→ **Dataset excerpts**:
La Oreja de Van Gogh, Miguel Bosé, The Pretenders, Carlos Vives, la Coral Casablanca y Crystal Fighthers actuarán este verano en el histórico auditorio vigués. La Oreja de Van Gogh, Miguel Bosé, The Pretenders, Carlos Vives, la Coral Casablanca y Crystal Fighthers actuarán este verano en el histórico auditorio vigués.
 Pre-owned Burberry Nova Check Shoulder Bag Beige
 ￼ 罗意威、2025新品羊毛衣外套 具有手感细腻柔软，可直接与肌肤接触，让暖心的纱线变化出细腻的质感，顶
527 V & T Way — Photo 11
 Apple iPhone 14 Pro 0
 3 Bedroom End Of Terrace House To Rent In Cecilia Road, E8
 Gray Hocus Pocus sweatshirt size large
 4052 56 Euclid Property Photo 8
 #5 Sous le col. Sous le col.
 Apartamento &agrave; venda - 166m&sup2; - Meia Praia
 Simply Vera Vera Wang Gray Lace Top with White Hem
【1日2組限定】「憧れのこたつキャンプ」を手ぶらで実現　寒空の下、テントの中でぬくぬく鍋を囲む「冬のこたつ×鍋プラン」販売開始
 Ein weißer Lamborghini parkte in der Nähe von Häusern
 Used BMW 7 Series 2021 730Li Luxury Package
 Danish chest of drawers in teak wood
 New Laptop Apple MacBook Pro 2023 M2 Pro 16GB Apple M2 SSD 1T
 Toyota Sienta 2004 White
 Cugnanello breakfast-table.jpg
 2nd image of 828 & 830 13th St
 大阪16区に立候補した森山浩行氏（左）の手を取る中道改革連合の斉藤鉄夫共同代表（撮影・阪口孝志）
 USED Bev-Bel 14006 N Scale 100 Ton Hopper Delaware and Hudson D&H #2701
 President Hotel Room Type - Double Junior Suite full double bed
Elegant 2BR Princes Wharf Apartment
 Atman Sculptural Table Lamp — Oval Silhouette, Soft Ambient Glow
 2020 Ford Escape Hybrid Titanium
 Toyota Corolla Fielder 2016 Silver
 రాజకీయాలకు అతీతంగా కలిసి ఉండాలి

→ **What is required**:
Pictures do not belong in the copy. Reproduce the rest of the data exactly.

→ **Written reply**:
La Oreja de Van Gogh, Miguel Bosé, The Pretenders, Carlos Vives, la Coral Casablanca y Crystal Fighthers actuarán este verano en el histórico auditorio vigués. La Oreja de Van Gogh, Miguel Bosé, The Pretenders, Carlos Vives, la Coral Casablanca y Crystal Fighthers actuarán este verano en el histórico auditorio vigués.
 Pre-owned Burberry Nova Check Shoulder Bag Beige
  罗意威、2025新品羊毛衣外套 具有手感细腻柔软，可直接与肌肤接触，让暖心的纱线变化出细腻的质感，顶
527 V & T Way — Photo 11
 Apple iPhone 14 Pro 0
 3 Bedroom End Of Terrace House To Rent In Cecilia Road, E8
 Gray Hocus Pocus sweatshirt size large
 4052 56 Euclid Property Photo 8
 #5 Sous le col. Sous le col.
 Apartamento &agrave; venda - 166m&sup2; - Meia Praia
 Simply Vera Vera Wang Gray Lace Top with White Hem
【1日2組限定】「憧れのこたつキャンプ」を手ぶらで実現　寒空の下、テントの中でぬくぬく鍋を囲む「冬のこたつ×鍋プラン」販売開始
 Ein weißer Lamborghini parkte in der Nähe von Häusern
 Used BMW 7 Series 2021 730Li Luxury Package
 Danish chest of drawers in teak wood
 New Laptop Apple MacBook Pro 2023 M2 Pro 16GB Apple M2 SSD 1T
 Toyota Sienta 2004 White
 Cugnanello breakfast-table.jpg
 2nd image of 828 & 830 13th St
 大阪16区に立候補した森山浩行氏（左）の手を取る中道改革連合の斉藤鉄夫共同代表（撮影・阪口孝志）
 USED Bev-Bel 14006 N Scale 100 Ton Hopper Delaware and Hudson D&H #2701
 President Hotel Room Type - Double Junior Suite full double bed
Elegant 2BR Princes Wharf Apartment
 Atman Sculptural Table Lamp — Oval Silhouette, Soft Ambient Glow
 2020 Ford Escape Hybrid Titanium
 Toyota Corolla Fielder 2016 Silver
 రాజకీయాలకు అతీతంగా కలిసి ఉండాలి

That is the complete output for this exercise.